7. Il résulte de tout ce qui précède que, sans qu'il soit besoin d'examiner les autres moyens de la requête, la décision portant obligation de quitter le territoire français doit être annulée ainsi que, par voie de conséquence, les décisions fixant le délai de départ volontaire, fixant le pays de destination, et portant assignation à résidence.

D E C I D E :

Article 1er : Les conclusions aux fins d'annulation de l'arrêté de la préfète de la Haute-Marne du 4 juillet 2024, en tant qu'il porte refus de titre de séjour, les conclusions aux fins d'injonction qui en sont l'accessoire et les conclusions de la requête de M. A présentées sur le fondement de l'article L. 761-1 du code de justice administrative sont renvoyées devant la formation collégiale du présent tribunal.

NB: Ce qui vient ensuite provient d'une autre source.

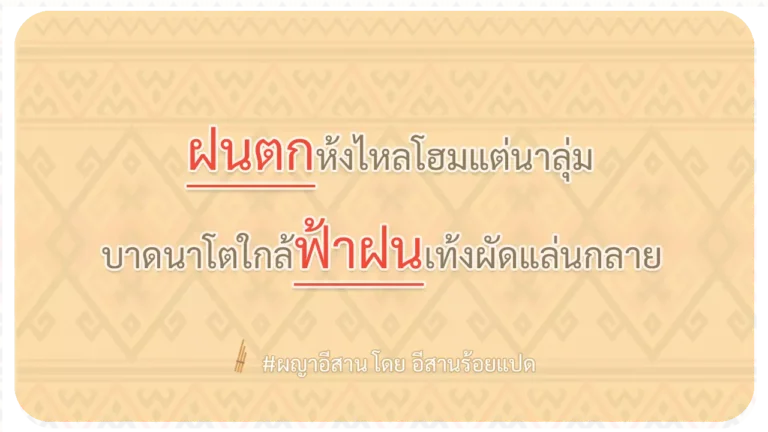 ผญา-ฝนตกห้งไหลโฮมแต่นาลุ่ม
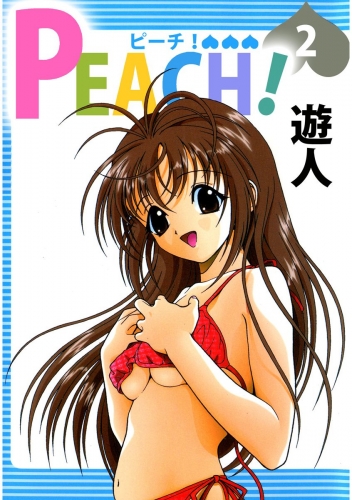 PEACH！(2)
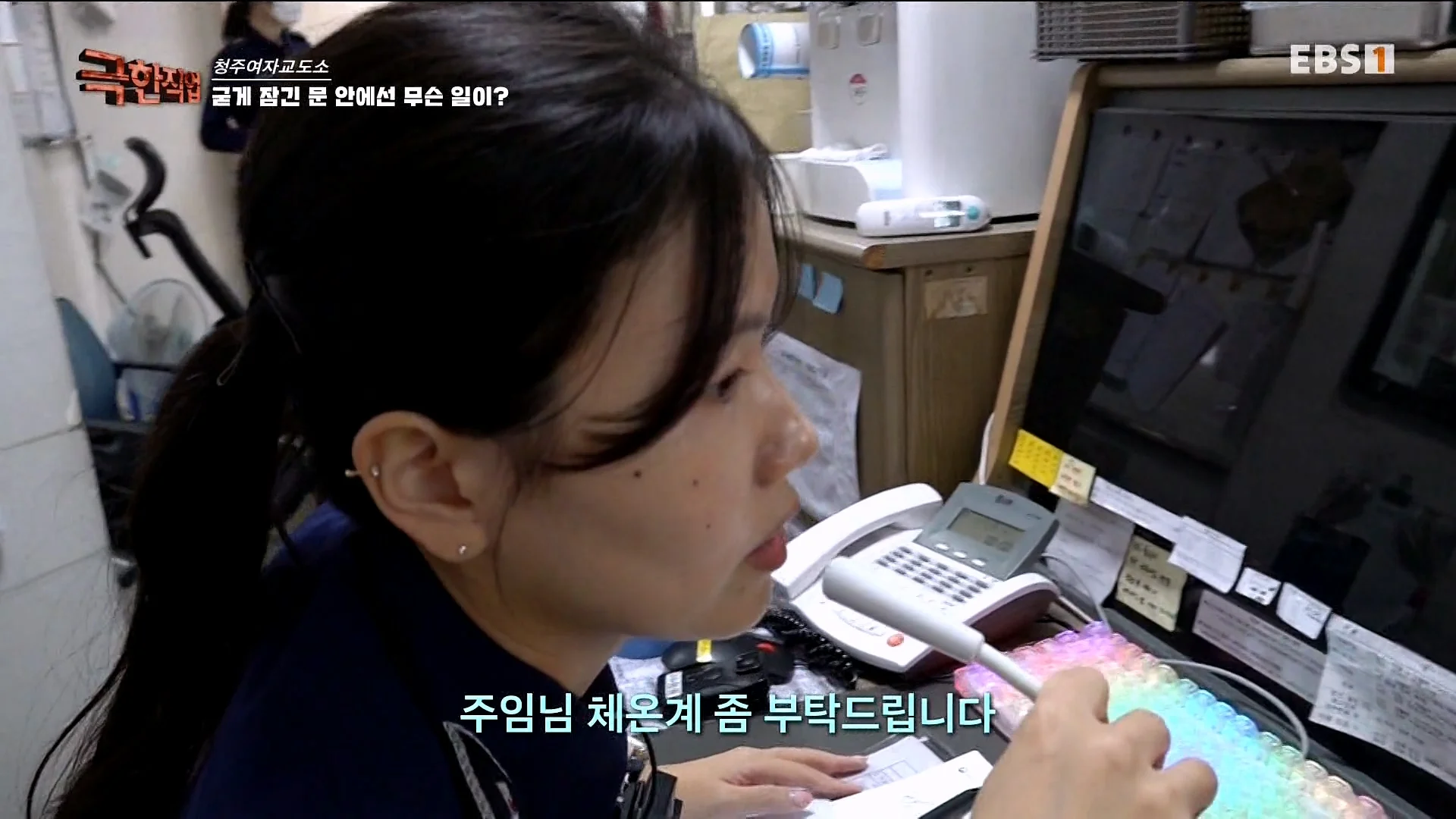 진짜 극한직업이라는 청주 여자교도소 교정직 공무원들 (23)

Article 2 : L'arrêté de la préfète de la Haute-Marne du 4 juillet 2024 en tant qu'il porte obligation de quitter le territoire français, fixe le délai de départ volontaire, fixe le pays de destination, et porte assignation à résidence sont annulés.

Article 3 : Le présent jugement sera notifié à M. D A et à la préfète de la Haute-Marne.

Rendu public par mise à disposition au greffe le 23 juillet 2024.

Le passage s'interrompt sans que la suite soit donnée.